Monday, November 13, 2006

Of compartments and silos...

Brad Casemore presented earlier the upcoming integration of Yahoo! messenger into their mail service interface as

In another example of how online applications are becoming richer and more useful, Yahoo announced today that it will embed instant messaging into its web-based email program within the next few months, allowing  users to partake in live chats from Yahoo Mail and to obviate the need for installation of a desktop IM application.

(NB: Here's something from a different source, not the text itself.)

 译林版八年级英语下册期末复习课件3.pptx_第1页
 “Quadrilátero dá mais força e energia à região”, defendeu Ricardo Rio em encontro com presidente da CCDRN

I generally appreciate Brad's comments in the way they keep a positive tone. In this particular case, I am less incline than he is to only find positive aspects in this upcoming integration.  First of all, there is this persistence by one of the remaining consumer instant messaging incumbents to stick to proprietary protocols, rather than embracing open and documented standards. But more generally, as I pointed out earlier, I don't think Yahoo's current "me too" attitude is in any way giving a sign of "online application becoming richer and useful". If industry trend there is, it exemplify this industry inability in general, and of Yahoo! in this particular case, to properly grasp the current usage trends, and to provide relevant solutions to problems at hand.

Mike Gotta has perfectly analyzed the growing disaffection for email observed in "the current set of digital natives (those that have grown up using computers)". With the commoditization of tightly interwoven communication tools, the challenge of technology is not to offer a single command point trying to aggregate a "pot-pourri" of legacy and current communication channels, but rather to enable the proper use of the most appropriate channel and to move seamlessly between channels/devices at any time, while keeping the conversation active and rich.

I believe this is the kind of evolution we notice when we observe how teenagers prefer their IM client to an email client. But I would not qualify this of "generational". In my opinion, it results simply from a different "learning" context and different "social" priorities. The important point is that IM is nothing but another channel for communication, although more in line with the natural real-time nature of face-to-face communication than email in the current impersonation of online "social" spaces.
Looking at the upcoming UI mock-up, which does not provide the slightest hint of presence enabled contact list, makes me wonder if anyone at Yahoo! has even noticed that this evolution has already started. From the look of it and the justifications provided in the original announcement , email and IM are still living in far away silos at Yahoo! But can we really expect a walled garden proponent not to keep the few neurons at its disposal in separate cubicles?

As I hinted before, a true improvement would be to provide a generalized messaging interface, and leave the final routing decision to a combination of presence and user action. On the surface, one could argue that the proposed possibility of copying an email under redaction into an IM provides the same functionality. But this would be missing the true nature of asynchronous communication: it is a special case of synchronous communication, not the other way round. And to notice this subtle difference requires thinking out of the silos.